During labor, your healthcare providers will monitor your baby’s heart rate to make sure that baby is handling the stress of labor. (Labor’s not a breeze for your baby either!) It’s not uncommon for your baby’s heart rate to dip a little bit during contractions; that’s because oxygen flow from mom to baby through the placenta temporarily slows down during a contraction. Sometimes, though, the baby’s heart rate drops at the beginning of a contraction and stays down afterward, or it slows drastically as the mom is pushing. These are signs of fetal distress.

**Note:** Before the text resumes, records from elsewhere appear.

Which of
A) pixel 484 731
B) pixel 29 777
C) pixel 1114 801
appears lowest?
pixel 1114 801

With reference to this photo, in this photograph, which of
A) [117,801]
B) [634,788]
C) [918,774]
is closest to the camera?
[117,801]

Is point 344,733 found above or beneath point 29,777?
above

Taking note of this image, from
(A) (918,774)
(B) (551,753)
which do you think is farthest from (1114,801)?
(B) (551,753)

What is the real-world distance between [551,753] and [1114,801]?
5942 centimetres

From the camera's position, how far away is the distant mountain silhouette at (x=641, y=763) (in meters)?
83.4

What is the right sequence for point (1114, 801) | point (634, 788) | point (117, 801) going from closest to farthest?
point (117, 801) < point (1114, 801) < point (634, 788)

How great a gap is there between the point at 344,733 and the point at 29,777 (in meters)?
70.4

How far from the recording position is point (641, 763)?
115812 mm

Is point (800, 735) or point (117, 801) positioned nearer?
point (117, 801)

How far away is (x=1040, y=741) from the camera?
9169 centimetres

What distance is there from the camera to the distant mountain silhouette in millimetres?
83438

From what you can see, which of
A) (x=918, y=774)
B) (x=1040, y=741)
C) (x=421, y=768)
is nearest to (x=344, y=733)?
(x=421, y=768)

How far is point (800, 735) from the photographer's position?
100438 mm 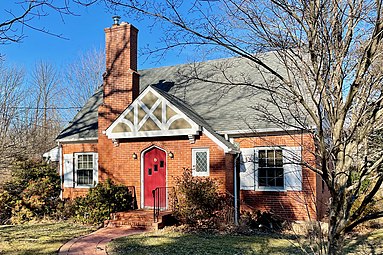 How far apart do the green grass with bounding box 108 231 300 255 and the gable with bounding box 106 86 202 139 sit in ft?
12.4

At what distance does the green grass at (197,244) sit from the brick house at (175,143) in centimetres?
209

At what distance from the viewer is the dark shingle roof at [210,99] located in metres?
13.1

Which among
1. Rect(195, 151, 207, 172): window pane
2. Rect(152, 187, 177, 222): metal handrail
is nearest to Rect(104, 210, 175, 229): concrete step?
Rect(152, 187, 177, 222): metal handrail

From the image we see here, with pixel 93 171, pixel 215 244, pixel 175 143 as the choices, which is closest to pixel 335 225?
pixel 215 244

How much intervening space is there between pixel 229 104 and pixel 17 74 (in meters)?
17.2

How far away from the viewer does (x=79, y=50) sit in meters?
37.7

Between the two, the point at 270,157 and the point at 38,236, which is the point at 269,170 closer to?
the point at 270,157

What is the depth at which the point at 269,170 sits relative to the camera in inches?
501

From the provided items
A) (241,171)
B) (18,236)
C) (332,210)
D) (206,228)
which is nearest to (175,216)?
(206,228)

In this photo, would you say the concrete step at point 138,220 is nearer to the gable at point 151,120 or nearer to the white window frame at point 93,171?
the gable at point 151,120

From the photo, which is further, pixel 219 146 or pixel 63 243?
pixel 219 146

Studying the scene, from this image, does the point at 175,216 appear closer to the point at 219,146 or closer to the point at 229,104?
the point at 219,146

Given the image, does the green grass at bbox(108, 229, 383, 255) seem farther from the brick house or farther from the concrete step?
the brick house

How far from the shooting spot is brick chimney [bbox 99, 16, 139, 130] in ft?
48.2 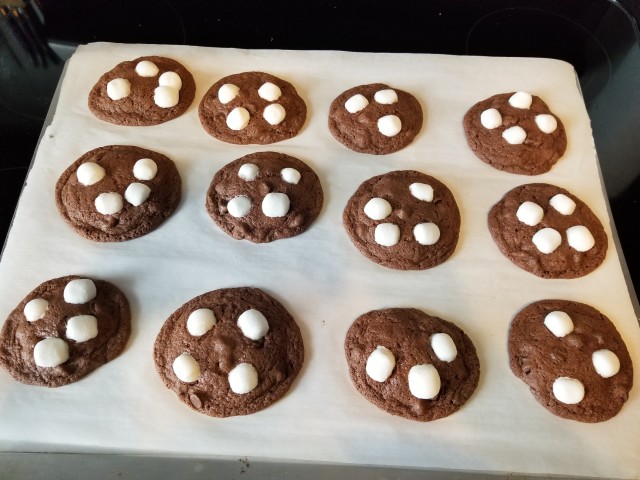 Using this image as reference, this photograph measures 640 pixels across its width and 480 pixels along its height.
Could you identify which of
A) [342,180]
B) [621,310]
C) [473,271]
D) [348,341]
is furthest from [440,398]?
[342,180]

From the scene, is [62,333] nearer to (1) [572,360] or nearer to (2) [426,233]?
(2) [426,233]

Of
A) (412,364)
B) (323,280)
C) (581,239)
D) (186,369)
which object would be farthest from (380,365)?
(581,239)

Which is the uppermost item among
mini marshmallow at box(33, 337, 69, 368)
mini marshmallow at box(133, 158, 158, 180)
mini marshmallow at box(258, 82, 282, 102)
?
mini marshmallow at box(258, 82, 282, 102)

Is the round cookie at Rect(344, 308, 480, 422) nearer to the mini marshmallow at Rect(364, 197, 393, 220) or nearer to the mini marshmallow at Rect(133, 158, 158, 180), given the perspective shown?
the mini marshmallow at Rect(364, 197, 393, 220)

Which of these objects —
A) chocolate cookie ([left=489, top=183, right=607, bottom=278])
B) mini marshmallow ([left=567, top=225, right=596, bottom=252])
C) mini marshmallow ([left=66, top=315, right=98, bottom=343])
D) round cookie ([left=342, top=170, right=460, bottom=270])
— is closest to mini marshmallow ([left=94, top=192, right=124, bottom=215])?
mini marshmallow ([left=66, top=315, right=98, bottom=343])

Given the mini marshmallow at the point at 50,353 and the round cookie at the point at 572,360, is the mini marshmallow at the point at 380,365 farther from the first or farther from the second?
the mini marshmallow at the point at 50,353

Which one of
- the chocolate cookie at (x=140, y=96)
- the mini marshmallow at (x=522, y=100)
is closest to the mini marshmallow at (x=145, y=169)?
the chocolate cookie at (x=140, y=96)

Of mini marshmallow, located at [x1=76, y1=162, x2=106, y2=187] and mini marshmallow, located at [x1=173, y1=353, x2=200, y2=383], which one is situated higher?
mini marshmallow, located at [x1=76, y1=162, x2=106, y2=187]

“Generally speaking, fetal distress would be better described as intolerance of the fetus to labor,” says Michael P. Nageotte, MD, medical director of the MemorialCare Center for Women at Long Beach Memorial Medical Center and Miller Children’s Hospital Long Beach. Causes of fetal distress include umbilical cord problems (the cord might be wrapped around the baby, or become compressed between mom and baby when mom pushes), head compression, placental abruption, uterine infection or uterine rupture.

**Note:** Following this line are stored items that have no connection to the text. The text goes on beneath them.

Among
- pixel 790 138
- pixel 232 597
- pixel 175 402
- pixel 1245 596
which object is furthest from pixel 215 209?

Fetal distress is a sign that there might be something wrong, so expect your care providers to leap into action. They may place an oxygen mask on your face (to increase the flow of oxygen to you and your baby), turn you on your left side (again, to increase oxygen flow to your baby; lying on your left takes pressure off a major vein that leads to your uterus) or make steps to hasten the delivery of your baby.
But you can take comfort in the fact that most babies who experience distress during labor are born healthy.